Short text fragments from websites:
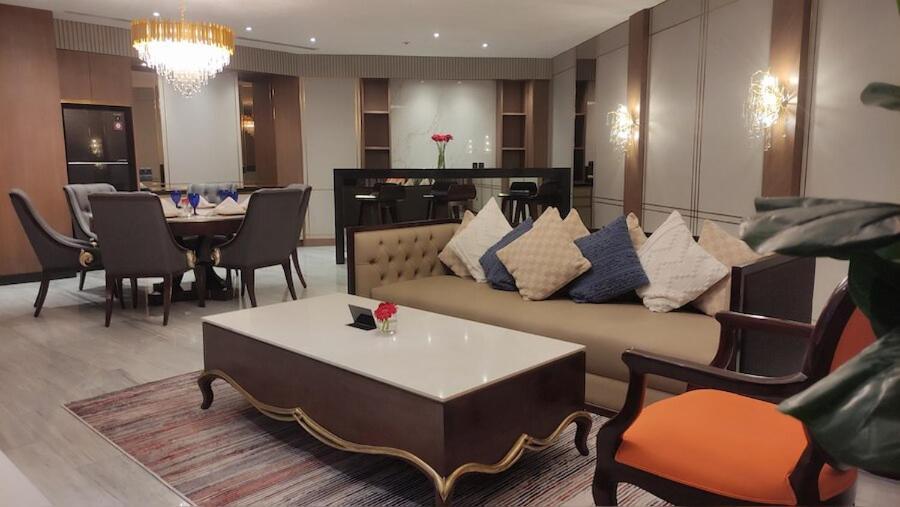 Po Hotel Semarang Luaran gambar
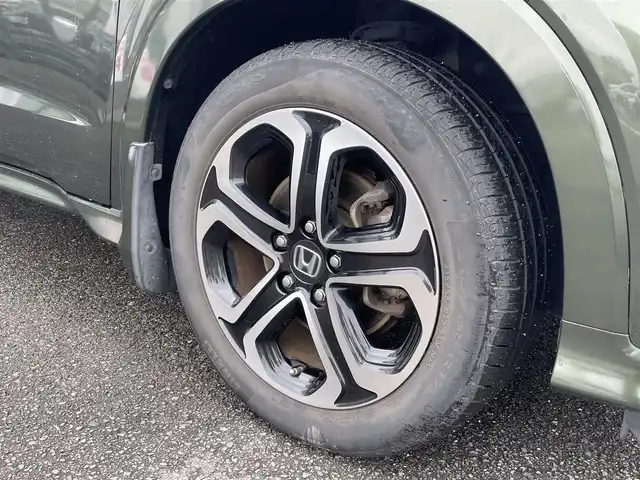 ホンダ ヴェゼル ハイブリッド Z 長崎県 2014(平26)年 12.4万km ミスティックグリーンパール ワンオーナー/純正メモリナビ/（ワンセグ・DVD・BT・CD・SD)/ハーフレザーシート/シートヒーター/パドルシフト/クルーズコントロール/オートライト/HID/ETC/横滑り防止/バックカメラ/スマートキー/スペアキー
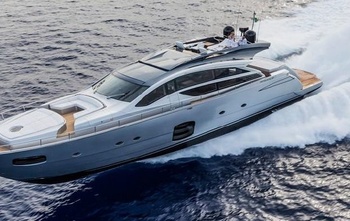 Pershing 82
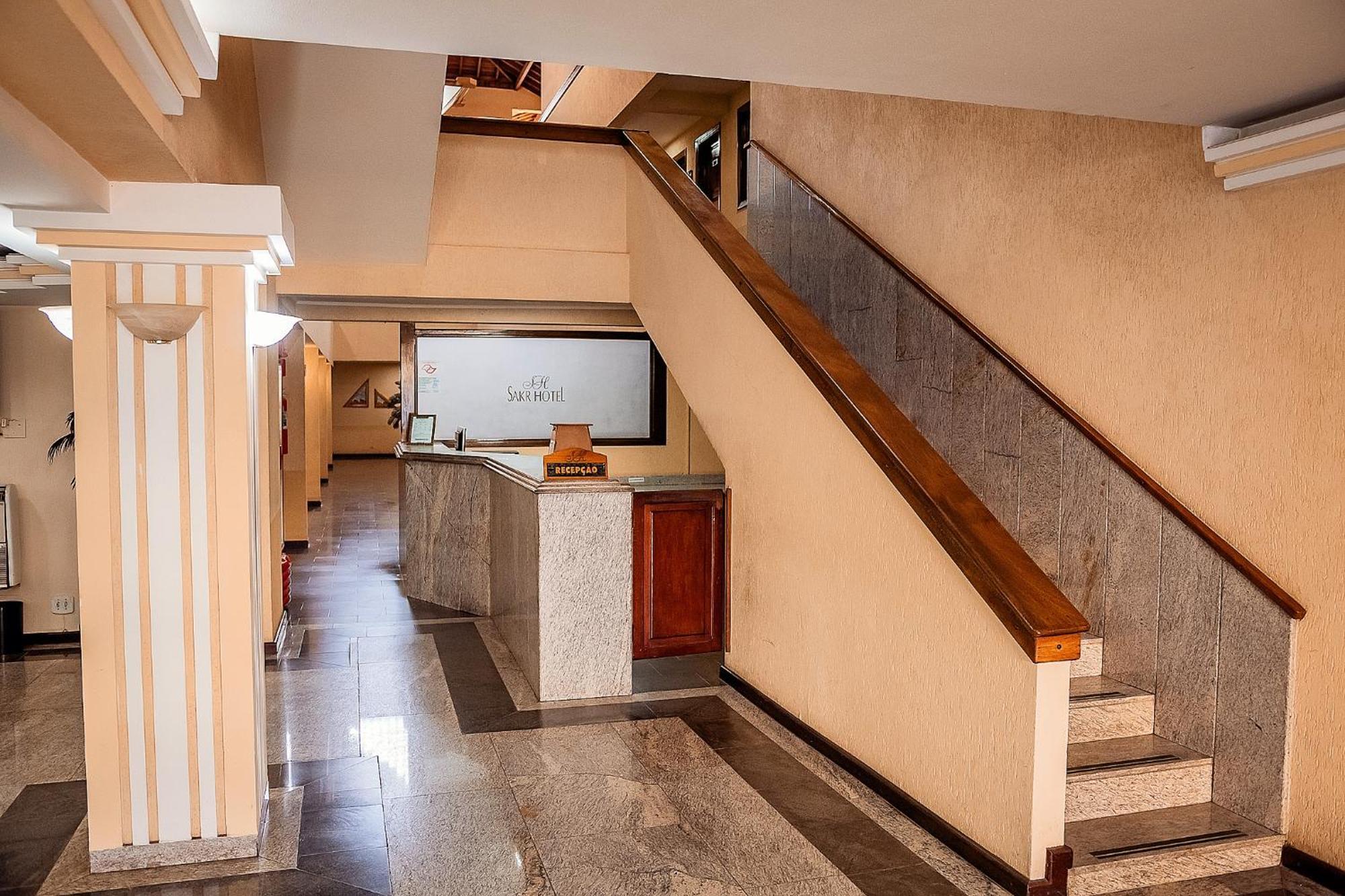 Sakr Hotel Penápolis المظهر الخارجي الصورة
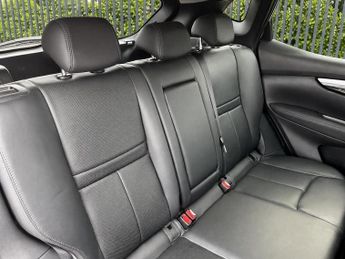Nissan Qashqai 1.6 dCi Tekna XTRON 2WD Euro 6 (s/s) 5dr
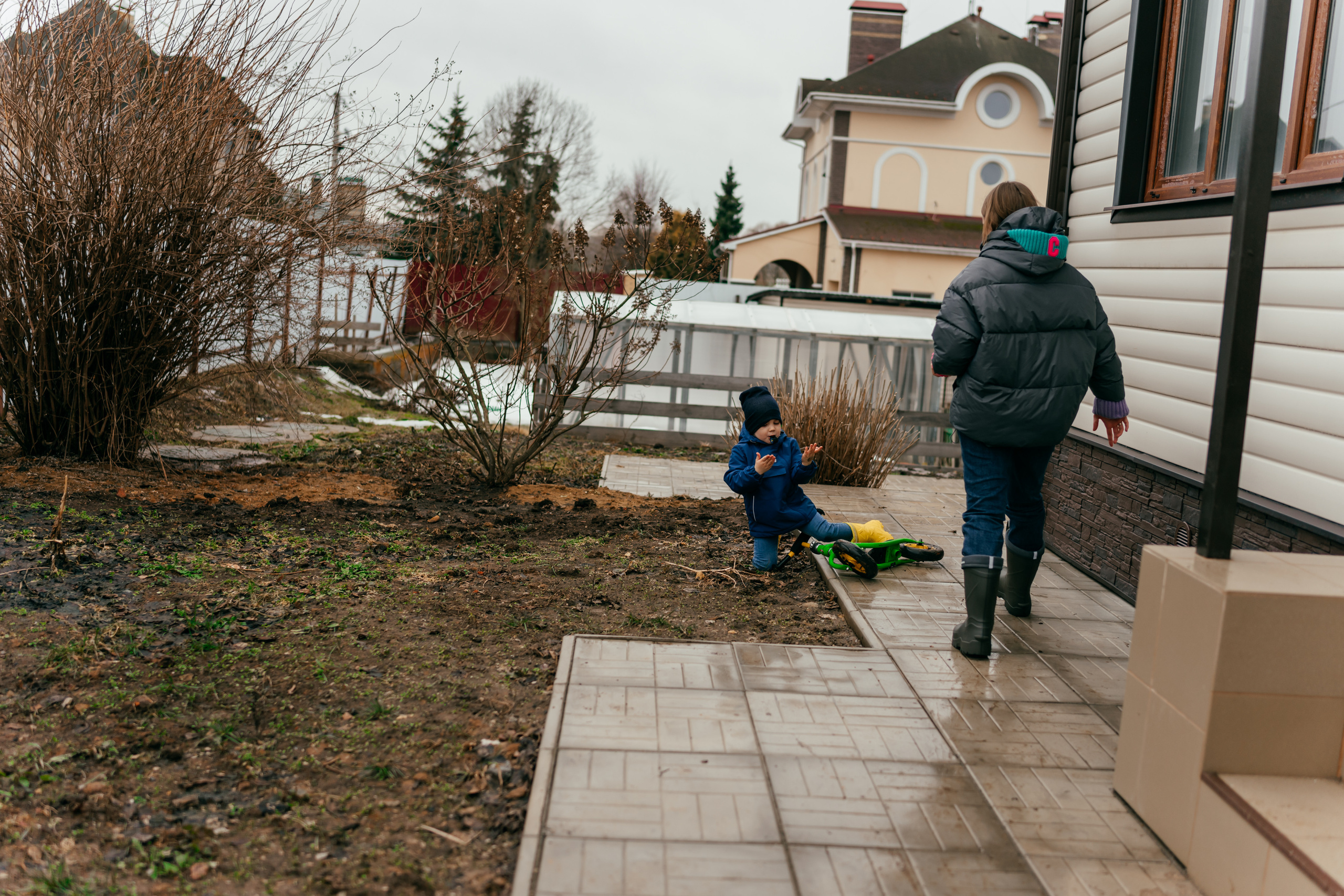 Домашняя семейная фотосессия в кругу семьи. Семейный фотограф в Москве Ирина Жур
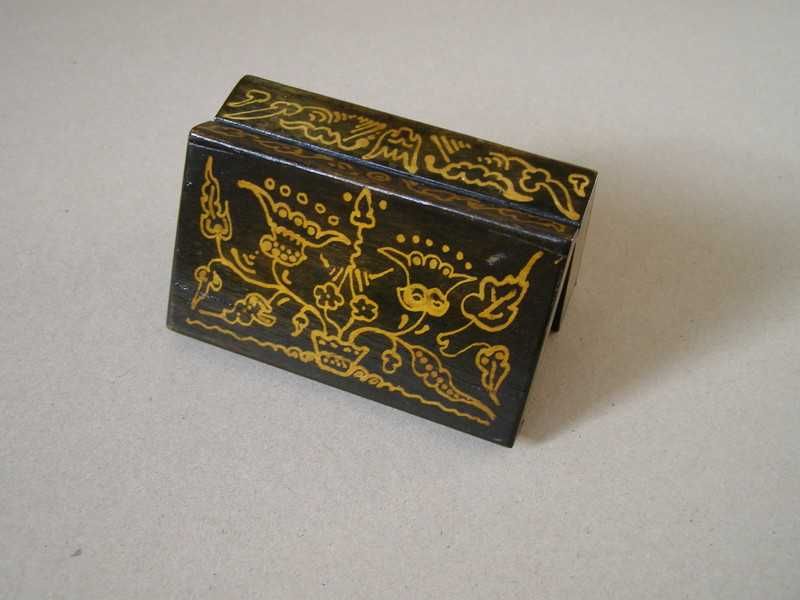 Warsztaty Krakowskie - kasetka batikowa oraz teczka portfelowa.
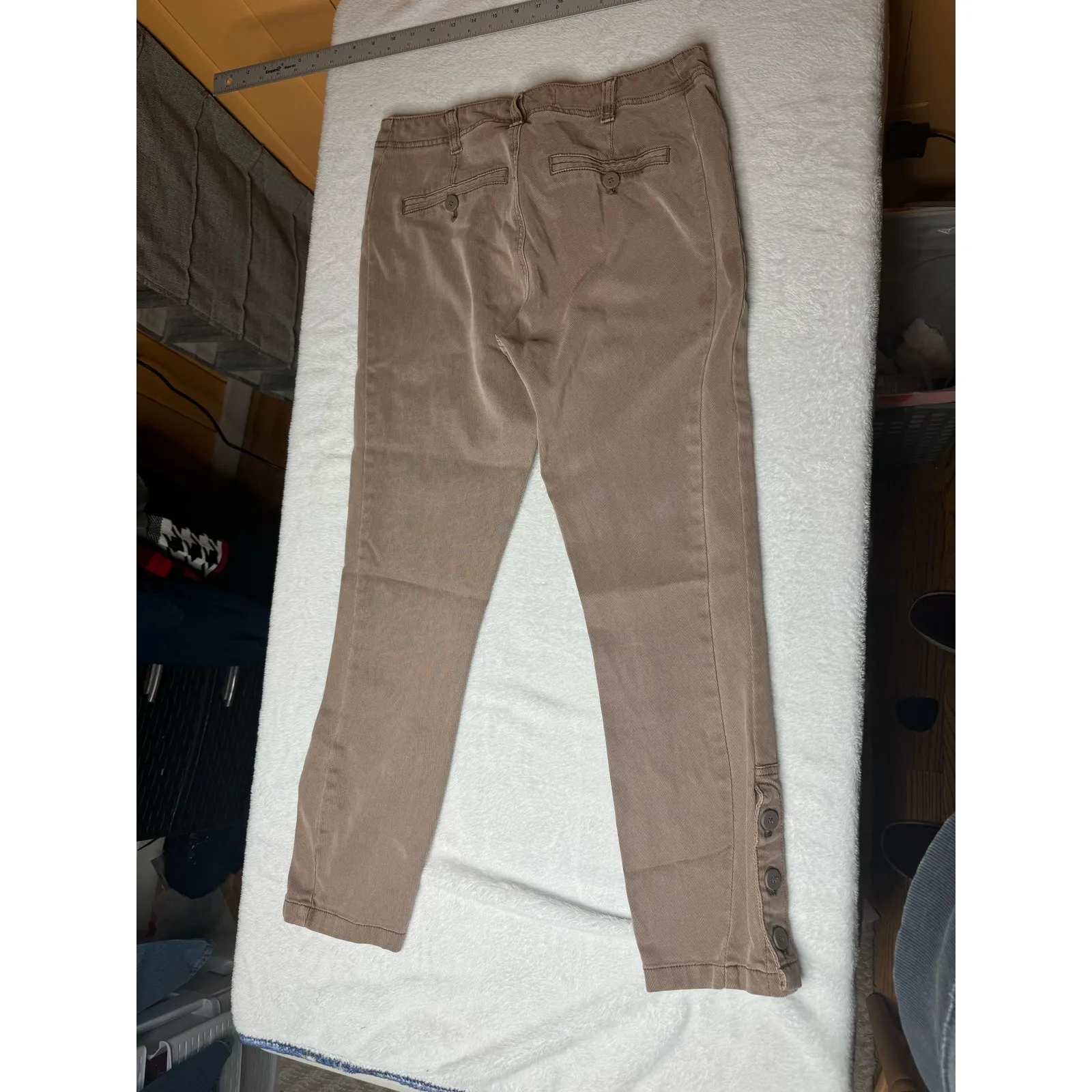 Anthropologie Women’s Tan Low Rise Slim Fit Pants Size 28x26 Pleated-Ankle - Image 7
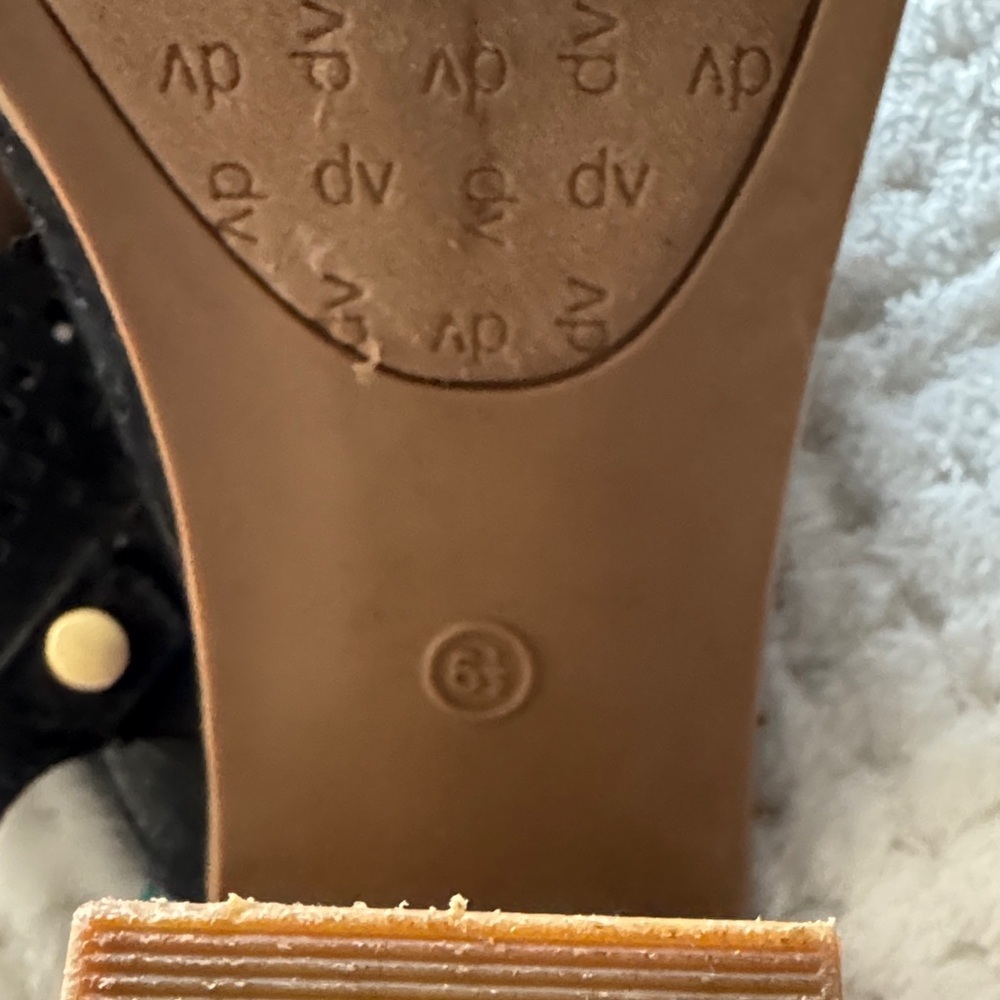 ✨🖤 Like New - DV Black Perforated Heeled Sandals – Women’s Size 6.5 - Picture 9 of 10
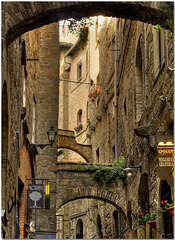 Memories of Tuscany: Volterra Street detail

▶ _What the task asks_:
Without the pictures, repeat the entries above line by line, from the first through the one that contains "Домашняя семейная фотосессия", both ends included.

▶ _Finished exercise_:
 Po Hotel Semarang Luaran gambar
 ホンダ ヴェゼル ハイブリッド Z 長崎県 2014(平26)年 12.4万km ミスティックグリーンパール ワンオーナー/純正メモリナビ/（ワンセグ・DVD・BT・CD・SD)/ハーフレザーシート/シートヒーター/パドルシフト/クルーズコントロール/オートライト/HID/ETC/横滑り防止/バックカメラ/スマートキー/スペアキー
 Pershing 82
 Sakr Hotel Penápolis المظهر الخارجي الصورة
Nissan Qashqai 1.6 dCi Tekna XTRON 2WD Euro 6 (s/s) 5dr
 Домашняя семейная фотосессия в кругу семьи. Семейный фотограф в Москве Ирина Жур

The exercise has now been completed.